Ces dirigeants sont invités à rejoindre le secrétaire d'Etat Marco Rubio, qui multiplie les casquettes au sein du gouvernement Trump, et l'ancien Premier ministre britannique Tony Blair, qui a déjà joué les médiateurs au Moyen-Orient.
La réputation de l'ancien dirigeant travailliste, qui s'est dit "honoré" de faire partie du conseil et loue le "leadership" de Donald Trump, a toutefois été ternie par son engagement dans la guerre en Irak en 2003.
Donald Trump a aussi placé de nombreux proches, dont son émissaire Steve Witkoff et son gendre Jared Kushner, homme d'affaires et médiateur officieux dans cet organe. Le président de la Banque mondiale Ajay Banga y figure aussi.
- "Intentions négatives" -
La Maison Blanche a créé en parallèle un "founding executive board" avec sept personnalités, dont cinq Américains, composé notamment de Marc Rowan, un milliardaire patron du fonds d'investissement Apollo Global Management.

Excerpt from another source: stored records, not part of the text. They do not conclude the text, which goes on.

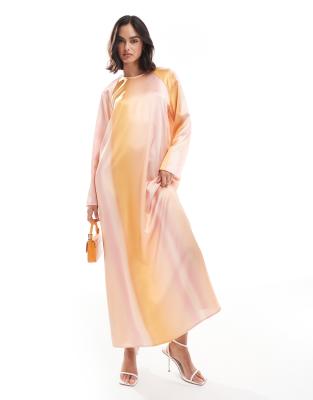 ASOS DESIGN - Oversize-Maxikleid aus Satin mit Rundhalsausschnitt und verblasstem Streifenmuster-Bunt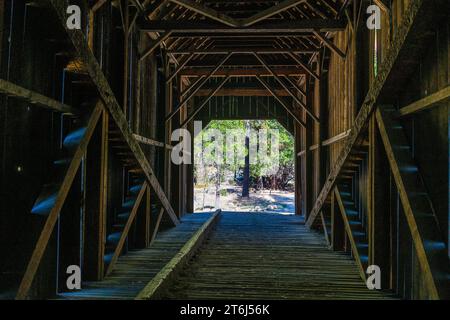 Au-dessus de la fourche sud de la rivière Merced à Wawona se trouve un pont couvert. Il n'y a qu'une douzaine de ponts couverts en Californie. Banque D'Images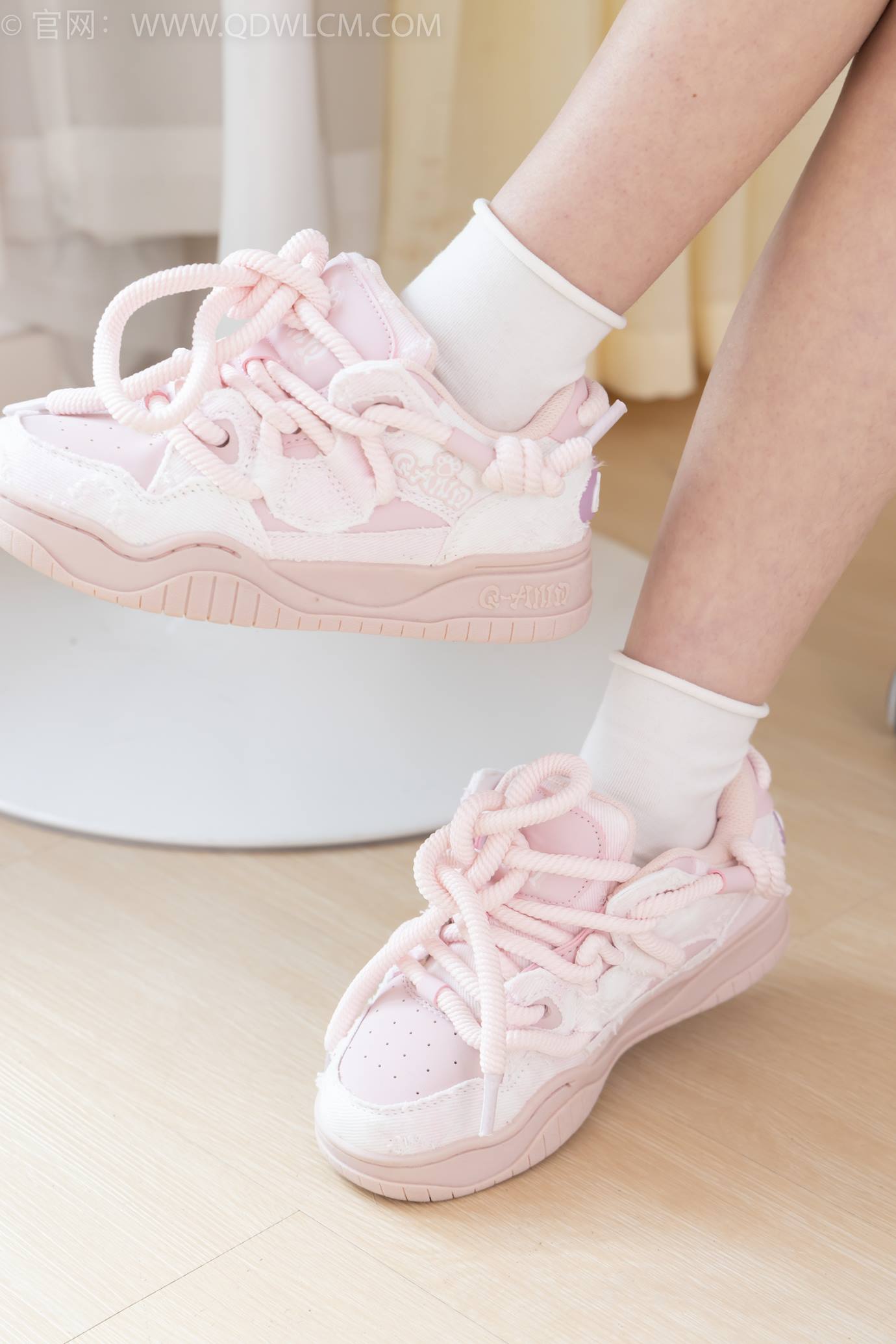 图片[19]-物恋传媒 NO.2286 闪闪-板鞋、两双自然穿脏白棉袜[120P] – 速更版-美库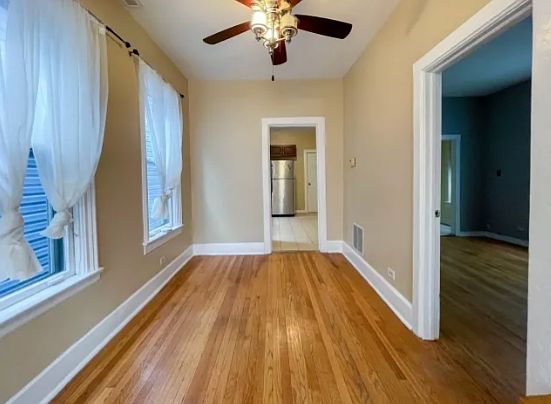 4th image of 2736 N Wilton Ave #2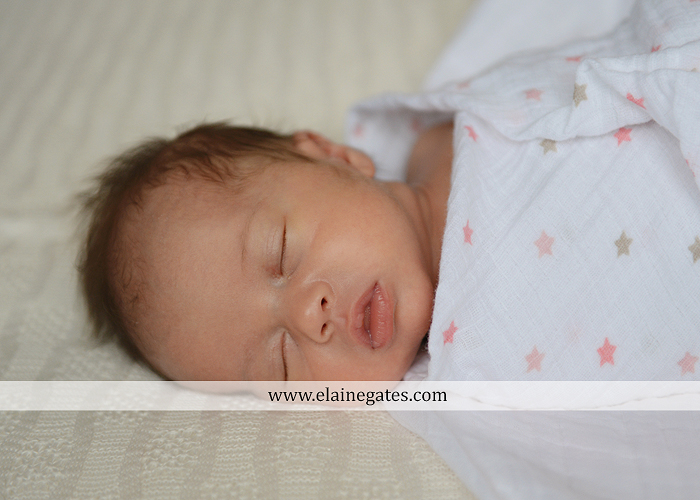 Mechanicsburg Central PA newborn baby portrait photographer girl sleeping indoor blanket bow knit hat mother father bowl basket tutu je 2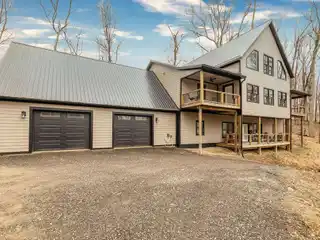 Beautiful Custom Built Home in Hide-A-Way Hills
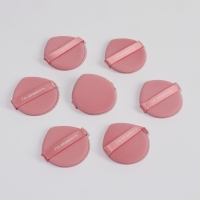 Спонжи для макияжа &laquo;STRAWBERRY&raquo;, набор - 7 шт, d = 5,5 см, с держателем, в футляре, цвет розовый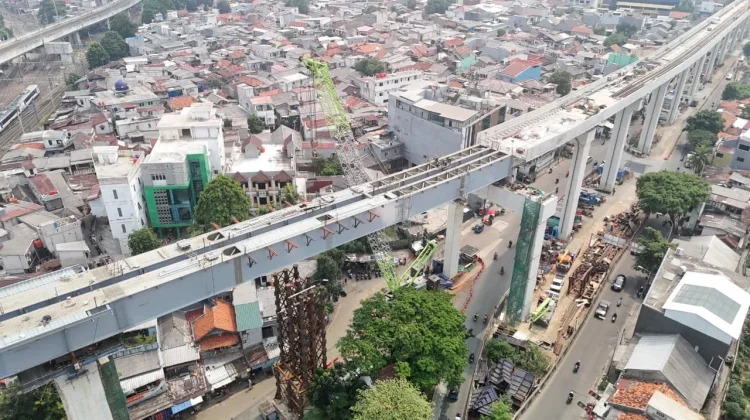 Pembangunan LRT Jakarta Fase 1B Capai 94 Persen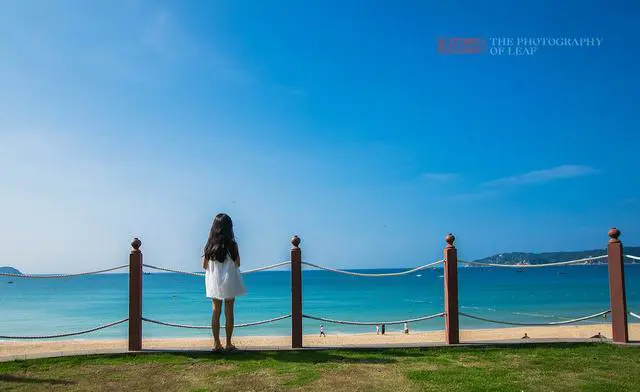 带十个月的宝宝还有老人一起去三亚，海棠湾和亚龙湾哪个更合适？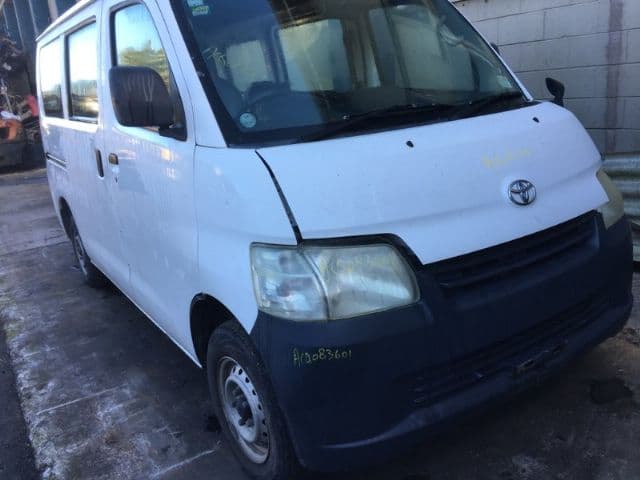 Toyota Lite-Ace Wreckers Auckland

On ne sait pas exactement dans quelle instance pourraient siéger les dirigeants invités. La Maison Blanche, qui avait fait savoir que d'autres membres allaient être nommés, n'a pas dans l'immédiat fourni de clarifications samedi.

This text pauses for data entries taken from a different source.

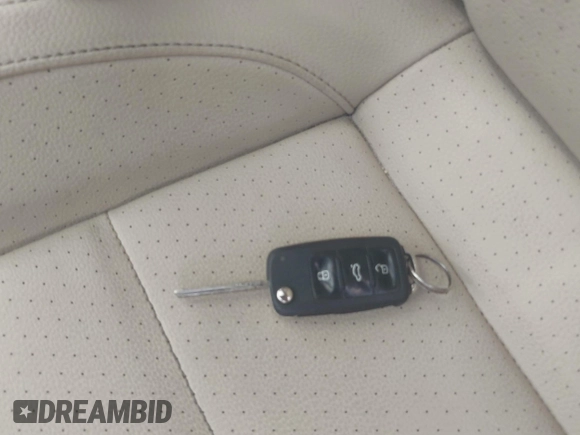 2013 Volkswagen Eos Komfort с VIN WVWBW8AH0DV001877, выставлен на аукционе IAAI как лот 42296540 с пробегом 111 994 миль миль и . История ставок и продаж доступна на DreamBid. Изображение 11.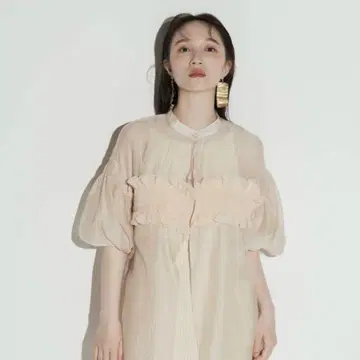 Eaphi bustier line sheer blouse / beige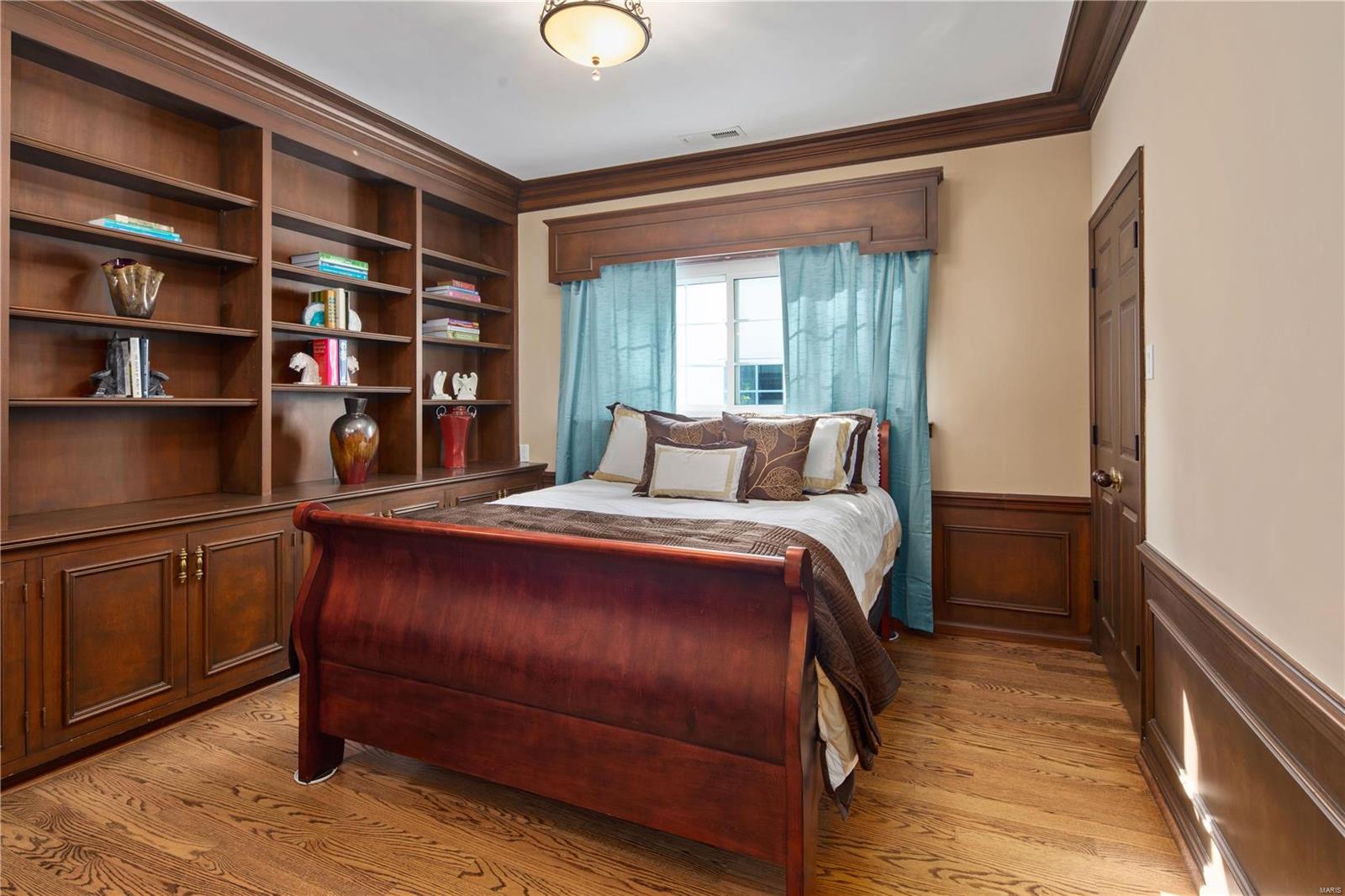 11112 Conway Road Frontenac, MO 63131 - Photo 36 of 55 Gallery Image 36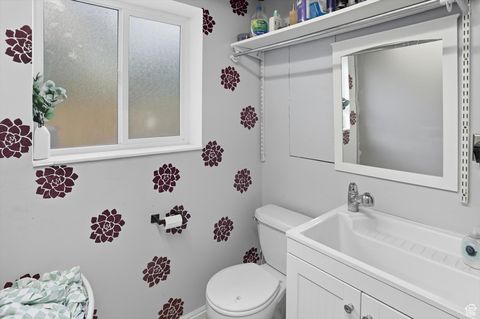 Tiny photo for 690 BARLOW ST, Clearfield, UT 84015 (MLS # 2114587)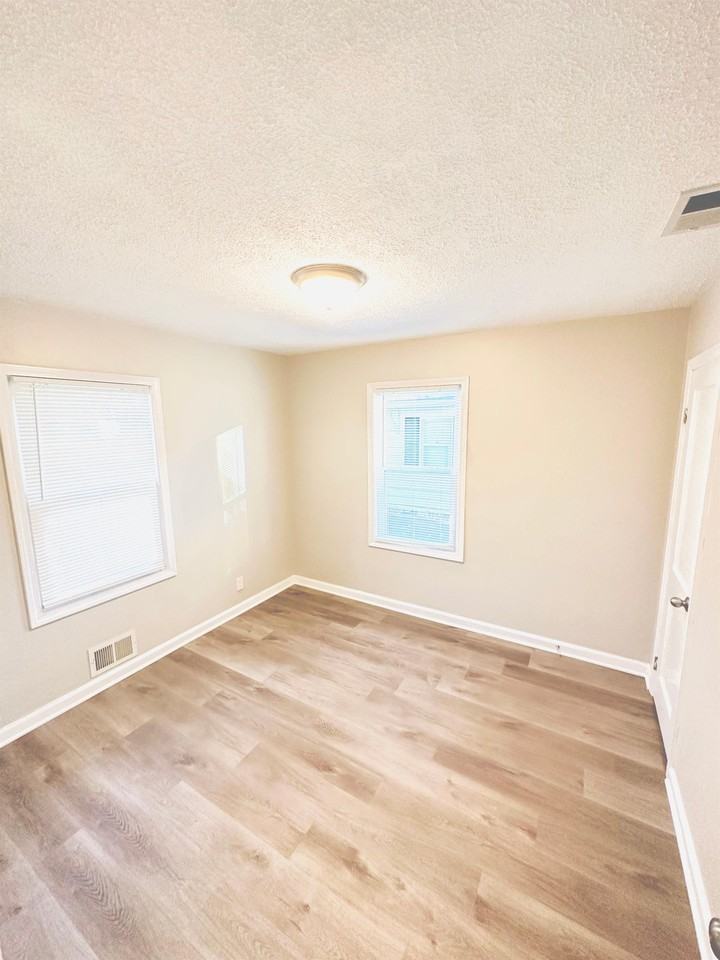 887 S Morgantown Rd - Photo 2 of 21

Allié du Hamas à Gaza, le Jihad islamique palestinien a accueilli froidement ces annonces.
"Nous avons été surpris par la composition du prétendu 'Conseil de paix' et par les noms annoncés, choisis selon des critères israéliens et servant les intérêts (d'Israël, NDLR), ce qui témoigne clairement d'intentions négatives préméditées quant à la mise en oeuvre de l'accord" de cessez-le-feu, indique un communiqué du mouvement.
Le Hamas n'avait pas encore réagi samedi soir aux annonces de M. Trump. Un de ses dirigeants, Osama Hamdane, avait qualifié le principe du Conseil de paix de retour "à l'ère des mandats et du colonialisme".

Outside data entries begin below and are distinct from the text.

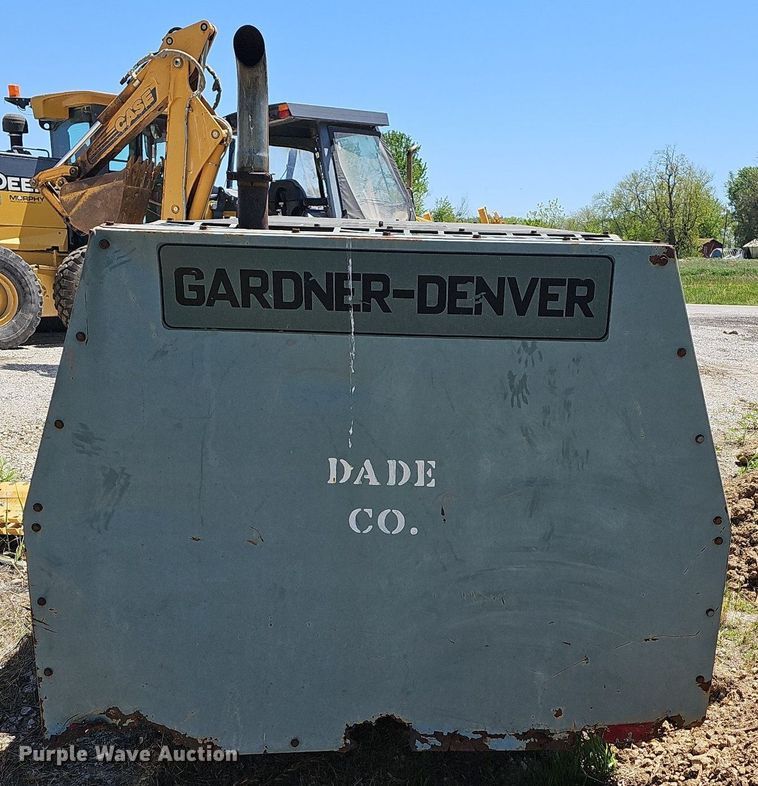 image for item MC9021 1993 Leroi  air compressor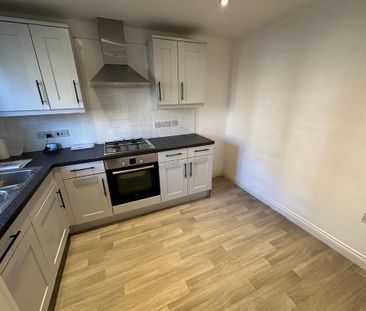 3 bedroom terraced house to rent - Photo 2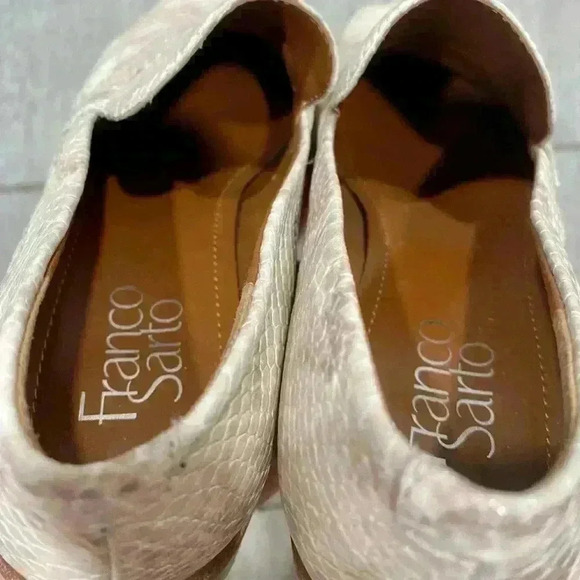 Franco Sarto Boccabling Light Beige Snakeskin Loafer Women’s Size 6.5 - Picture 6 of 7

M. Trump a annoncé mercredi le passage à la deuxième phase de son plan alors qu'Israël et le Hamas s'accusent mutuellement et quotidiennement de violer la trêve entrée en vigueur en octobre sous la pression de Washington et que les deux parties n'ont pas rempli tous leurs engagements au titre de la première phase.
La deuxième étape du plan Trump prévoit notamment le désarmement du Hamas et le retrait progressif des troupes israéliennes de la bande de Gaza ainsi que le déploiement d'une force multinationale censée sécuriser Gaza et former des unités de police palestiniennes.